» **TASK ITEM**: Write down exactly the lines from the one below that has "this 1000×669 image." to the end of the data, both ends included; the pictures should not appear in your copy.

═══ RECORDS FOR THIS EXERCISE ═══

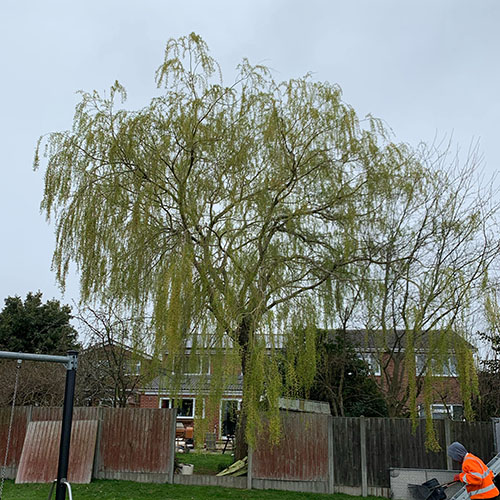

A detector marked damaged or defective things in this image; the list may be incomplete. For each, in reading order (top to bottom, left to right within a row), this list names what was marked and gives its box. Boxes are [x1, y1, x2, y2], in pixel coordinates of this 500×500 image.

rusty metal panel [0, 408, 29, 470]
rusty metal panel [15, 418, 97, 484]
rusty metal panel [98, 408, 176, 474]
rusty metal panel [252, 410, 330, 480]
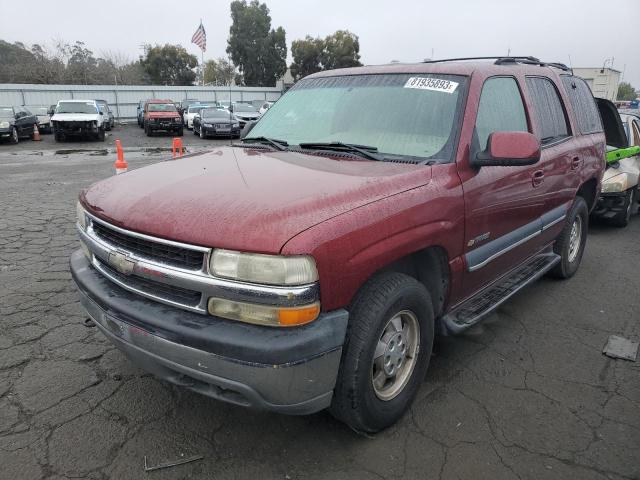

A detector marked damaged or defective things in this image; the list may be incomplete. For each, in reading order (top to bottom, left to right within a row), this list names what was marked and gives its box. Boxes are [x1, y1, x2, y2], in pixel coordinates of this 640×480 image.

damaged vehicle [52, 98, 106, 142]
cracked asphalt [1, 125, 640, 478]
damaged vehicle [69, 58, 608, 434]
damaged vehicle [592, 110, 640, 227]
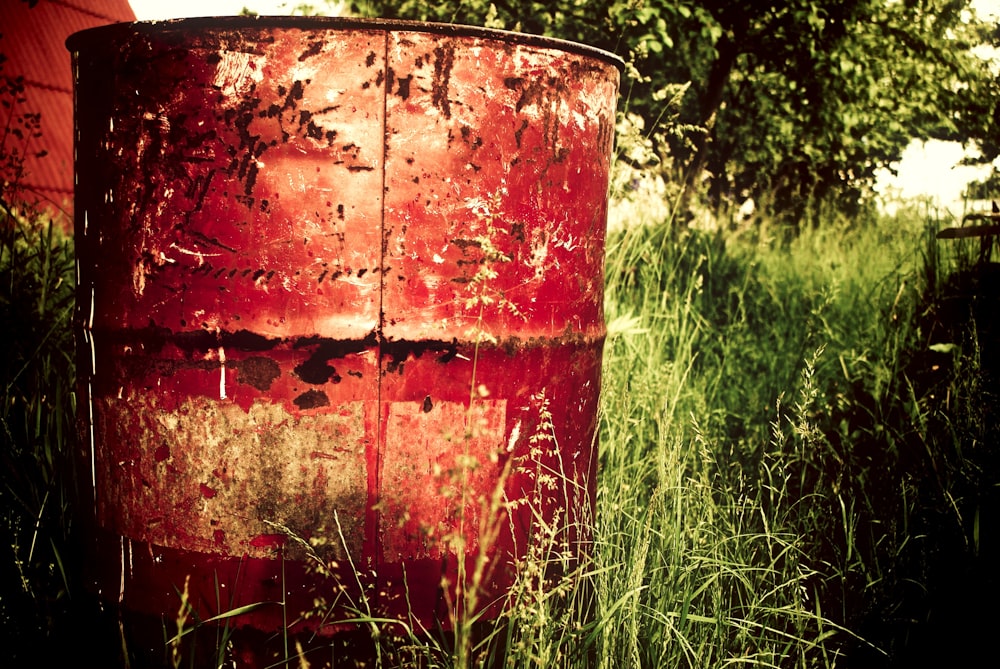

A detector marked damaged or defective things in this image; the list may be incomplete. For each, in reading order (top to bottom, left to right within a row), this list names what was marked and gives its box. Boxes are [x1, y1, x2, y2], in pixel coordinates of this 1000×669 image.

corroded metal surface [68, 14, 616, 652]
rusty metal barrel [68, 15, 616, 664]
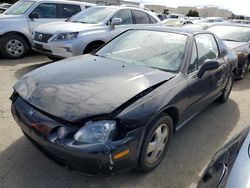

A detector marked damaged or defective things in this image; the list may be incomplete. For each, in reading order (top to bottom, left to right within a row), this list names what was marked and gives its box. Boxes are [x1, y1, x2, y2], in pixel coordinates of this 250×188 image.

═══

» **WRITTEN SOLUTION**:
A detector marked damaged or defective things in this image; the list may be incomplete. For each, in reading order (top to bottom, left to right within a row), this list names what was marked and gives its box. Boxes are [x1, y1, x2, y2], in pixel coordinates of this 1000×669 image.

corroded metal surface [68, 14, 616, 652]
rusty metal barrel [68, 15, 616, 664]

A detector marked damaged or defective things in this image; the list may be incomplete. For each, in reading order (top to bottom, left to right within a row), this list names what was marked and gives its box. Boxes are [x1, y1, x2, y2], in pixel coordinates of this 250×188 image.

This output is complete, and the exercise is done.